■ **WORK INSTRUCTION**:
Reproduce word for word, from the entries below, the line with "Davinci Hotel On", the line with "Silver Decorative Posy", and every line between them, and nothing more.
··· PROVIDED MATERIAL
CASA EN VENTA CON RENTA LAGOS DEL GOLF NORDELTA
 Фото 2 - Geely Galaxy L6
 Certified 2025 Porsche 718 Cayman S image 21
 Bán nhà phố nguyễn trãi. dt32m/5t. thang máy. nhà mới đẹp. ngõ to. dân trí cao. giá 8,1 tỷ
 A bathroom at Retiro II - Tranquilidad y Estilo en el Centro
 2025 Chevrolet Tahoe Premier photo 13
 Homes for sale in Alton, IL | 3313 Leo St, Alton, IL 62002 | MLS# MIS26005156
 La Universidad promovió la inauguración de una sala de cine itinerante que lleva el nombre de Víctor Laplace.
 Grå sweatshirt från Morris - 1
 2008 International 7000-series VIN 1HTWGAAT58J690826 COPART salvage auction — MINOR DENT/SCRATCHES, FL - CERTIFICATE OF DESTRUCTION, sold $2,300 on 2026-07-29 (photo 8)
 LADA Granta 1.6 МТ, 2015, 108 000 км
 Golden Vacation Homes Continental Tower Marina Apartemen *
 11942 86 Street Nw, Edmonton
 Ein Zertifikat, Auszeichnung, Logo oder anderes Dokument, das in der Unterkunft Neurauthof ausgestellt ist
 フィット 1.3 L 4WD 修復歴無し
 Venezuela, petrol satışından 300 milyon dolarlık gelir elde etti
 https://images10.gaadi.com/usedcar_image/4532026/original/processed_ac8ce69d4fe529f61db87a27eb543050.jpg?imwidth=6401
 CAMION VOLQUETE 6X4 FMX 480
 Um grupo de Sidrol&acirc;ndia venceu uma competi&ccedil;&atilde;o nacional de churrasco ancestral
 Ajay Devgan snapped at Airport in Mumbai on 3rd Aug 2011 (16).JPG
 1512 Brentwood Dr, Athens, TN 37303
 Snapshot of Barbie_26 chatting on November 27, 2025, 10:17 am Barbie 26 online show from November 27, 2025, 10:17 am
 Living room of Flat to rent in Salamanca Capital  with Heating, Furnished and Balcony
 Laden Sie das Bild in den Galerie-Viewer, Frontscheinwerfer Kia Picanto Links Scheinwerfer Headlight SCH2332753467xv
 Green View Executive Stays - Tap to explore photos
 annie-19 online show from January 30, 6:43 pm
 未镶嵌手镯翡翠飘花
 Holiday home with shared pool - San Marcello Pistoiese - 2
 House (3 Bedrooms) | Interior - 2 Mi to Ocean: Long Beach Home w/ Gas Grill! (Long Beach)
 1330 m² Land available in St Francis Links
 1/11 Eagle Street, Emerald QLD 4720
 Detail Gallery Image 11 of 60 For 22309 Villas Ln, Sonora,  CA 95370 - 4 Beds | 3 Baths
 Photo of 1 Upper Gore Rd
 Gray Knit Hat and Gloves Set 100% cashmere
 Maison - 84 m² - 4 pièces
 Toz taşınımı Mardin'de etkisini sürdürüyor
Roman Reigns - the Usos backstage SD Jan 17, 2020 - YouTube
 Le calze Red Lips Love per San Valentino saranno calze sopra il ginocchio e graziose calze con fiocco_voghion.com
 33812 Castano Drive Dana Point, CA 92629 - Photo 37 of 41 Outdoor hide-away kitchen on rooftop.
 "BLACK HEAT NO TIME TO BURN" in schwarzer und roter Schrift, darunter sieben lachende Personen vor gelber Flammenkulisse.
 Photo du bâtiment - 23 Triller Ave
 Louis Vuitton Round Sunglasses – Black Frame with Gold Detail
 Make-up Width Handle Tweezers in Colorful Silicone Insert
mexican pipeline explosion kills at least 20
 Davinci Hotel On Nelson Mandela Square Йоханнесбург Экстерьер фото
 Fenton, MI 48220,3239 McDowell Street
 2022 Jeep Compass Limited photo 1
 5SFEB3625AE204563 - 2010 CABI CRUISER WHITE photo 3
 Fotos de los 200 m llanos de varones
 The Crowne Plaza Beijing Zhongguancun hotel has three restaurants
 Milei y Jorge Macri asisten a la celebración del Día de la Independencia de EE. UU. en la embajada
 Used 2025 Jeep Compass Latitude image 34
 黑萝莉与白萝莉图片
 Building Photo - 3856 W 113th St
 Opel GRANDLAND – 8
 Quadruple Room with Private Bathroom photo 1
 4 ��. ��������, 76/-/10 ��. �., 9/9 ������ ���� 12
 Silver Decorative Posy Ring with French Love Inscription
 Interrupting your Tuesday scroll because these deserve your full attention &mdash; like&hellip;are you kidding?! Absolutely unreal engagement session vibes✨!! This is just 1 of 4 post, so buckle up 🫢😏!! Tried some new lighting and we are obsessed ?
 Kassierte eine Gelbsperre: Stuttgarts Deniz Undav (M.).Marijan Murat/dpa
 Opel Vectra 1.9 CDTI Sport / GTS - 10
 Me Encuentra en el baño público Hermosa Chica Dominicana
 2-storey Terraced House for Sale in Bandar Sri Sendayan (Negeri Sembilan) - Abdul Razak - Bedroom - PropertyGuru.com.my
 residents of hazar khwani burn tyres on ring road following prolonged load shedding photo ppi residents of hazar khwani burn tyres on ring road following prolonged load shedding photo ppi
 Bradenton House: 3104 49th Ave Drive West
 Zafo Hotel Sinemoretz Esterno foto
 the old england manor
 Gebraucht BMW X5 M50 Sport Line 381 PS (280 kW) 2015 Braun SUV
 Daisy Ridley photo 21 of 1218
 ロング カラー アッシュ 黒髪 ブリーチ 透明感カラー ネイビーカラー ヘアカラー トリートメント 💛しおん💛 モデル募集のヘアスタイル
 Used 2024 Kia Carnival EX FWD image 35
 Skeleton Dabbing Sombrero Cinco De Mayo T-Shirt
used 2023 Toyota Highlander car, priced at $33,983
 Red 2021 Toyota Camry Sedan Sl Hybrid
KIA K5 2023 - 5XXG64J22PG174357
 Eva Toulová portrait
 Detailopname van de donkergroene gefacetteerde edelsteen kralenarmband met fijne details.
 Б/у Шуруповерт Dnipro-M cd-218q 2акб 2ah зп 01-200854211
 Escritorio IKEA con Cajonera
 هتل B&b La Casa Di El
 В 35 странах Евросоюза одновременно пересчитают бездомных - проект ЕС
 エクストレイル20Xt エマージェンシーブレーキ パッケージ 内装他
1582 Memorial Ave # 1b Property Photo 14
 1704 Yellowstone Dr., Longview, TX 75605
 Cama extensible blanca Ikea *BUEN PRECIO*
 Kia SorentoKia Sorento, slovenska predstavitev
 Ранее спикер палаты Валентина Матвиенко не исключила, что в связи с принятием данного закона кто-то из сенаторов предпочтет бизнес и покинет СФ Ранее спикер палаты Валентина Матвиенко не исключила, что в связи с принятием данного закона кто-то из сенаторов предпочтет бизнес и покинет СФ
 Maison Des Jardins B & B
······
■ **RESULT OF THIS EXERCISE**:
 Davinci Hotel On Nelson Mandela Square Йоханнесбург Экстерьер фото
 Fenton, MI 48220,3239 McDowell Street
 2022 Jeep Compass Limited photo 1
 5SFEB3625AE204563 - 2010 CABI CRUISER WHITE photo 3
 Fotos de los 200 m llanos de varones
 The Crowne Plaza Beijing Zhongguancun hotel has three restaurants
 Milei y Jorge Macri asisten a la celebración del Día de la Independencia de EE. UU. en la embajada
 Used 2025 Jeep Compass Latitude image 34
 黑萝莉与白萝莉图片
 Building Photo - 3856 W 113th St
 Opel GRANDLAND – 8
 Quadruple Room with Private Bathroom photo 1
 4 ��. ��������, 76/-/10 ��. �., 9/9 ������ ���� 12
 Silver Decorative Posy Ring with French Love Inscription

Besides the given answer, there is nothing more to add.